*** Block opens ***
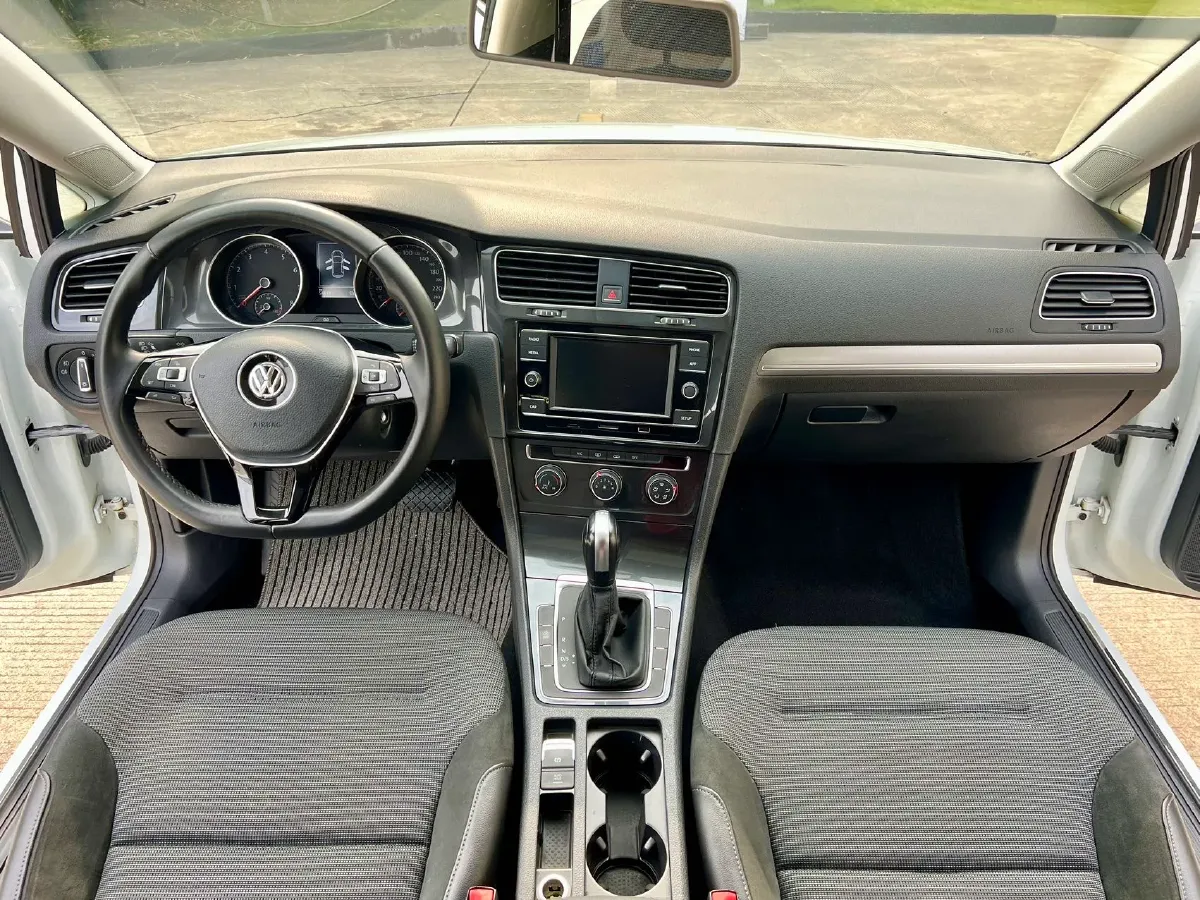 2018 Volkswagen Golf 1.4T 131HP L4 7DCT,autocango,china used car exporter,china ev exporter,chinese used car exporter,chinese used ev exporter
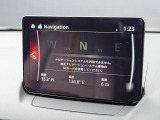 マツダコネクトの8インチWVGAディスプレイです。センターコンソールのコマンダーコントロールでの操作に加えて、タッチパネルにもなっていますので、画面にタッチしての操作も可能です。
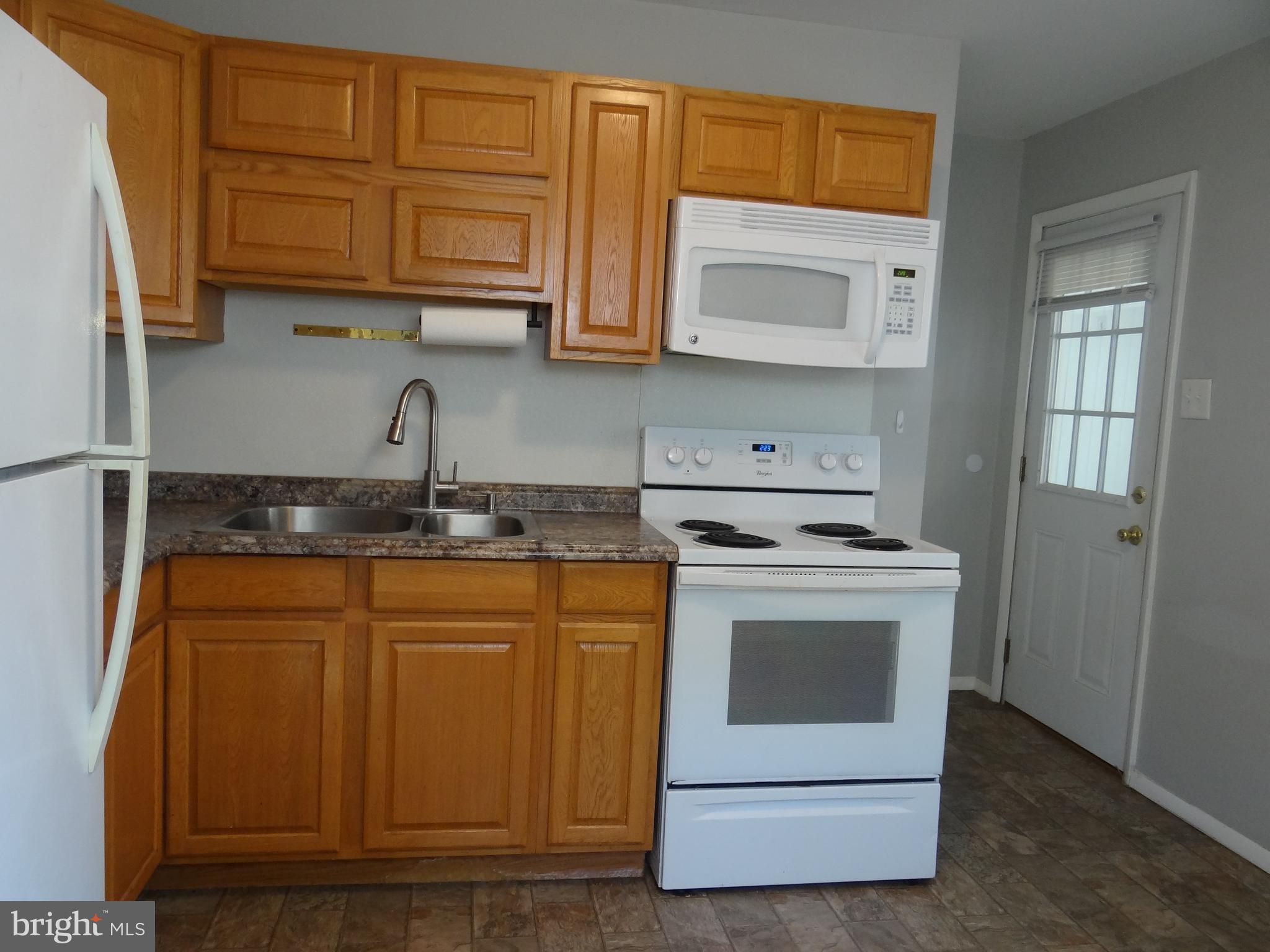34 New Road Elverson, PA 19520 - Photo 9 of 22 Kitchen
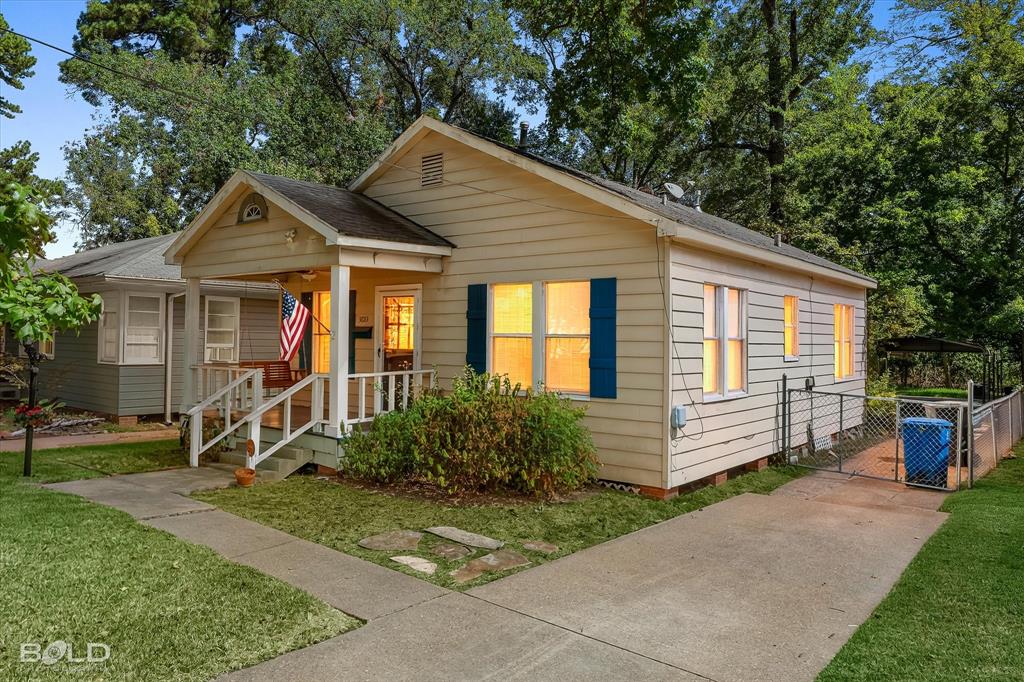 3853 Maryland Avenue Property Photo 2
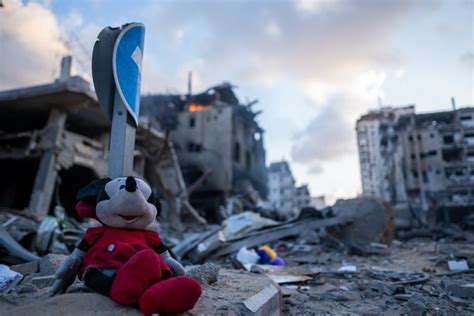 Photos reveal shocking extent of destruction in Gaza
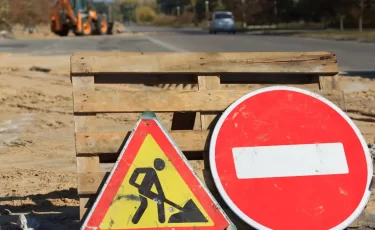 В Алматы перекрыли перекресток у консульства США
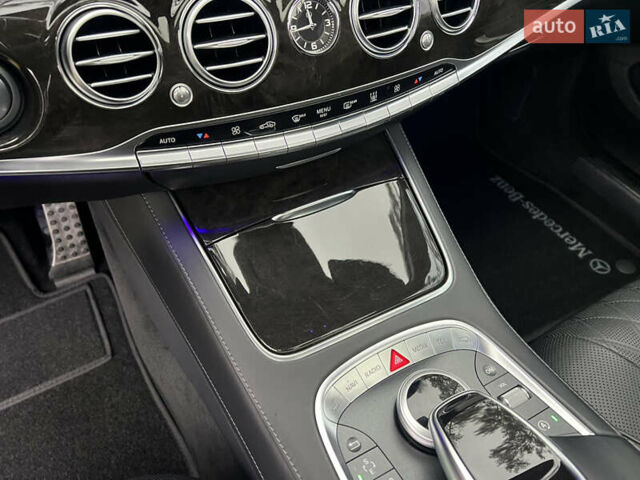Чорний Мерседес С Клас, об'ємом двигуна 3 л та пробігом 162 тис. км за 49900 $, фото 92 на Automoto.ua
*** Block closes ***
### Exercise
In the listing above, find the line containing "マツダコネクトの8インチWV". Output it and every line after it up to and including the line containing "Photos reveal shocking", exactly, but skip the pictures.

### Result below
 マツダコネクトの8インチWVGAディスプレイです。センターコンソールのコマンダーコントロールでの操作に加えて、タッチパネルにもなっていますので、画面にタッチしての操作も可能です。
34 New Road Elverson, PA 19520 - Photo 9 of 22 Kitchen
 3853 Maryland Avenue Property Photo 2
 Photos reveal shocking extent of destruction in Gaza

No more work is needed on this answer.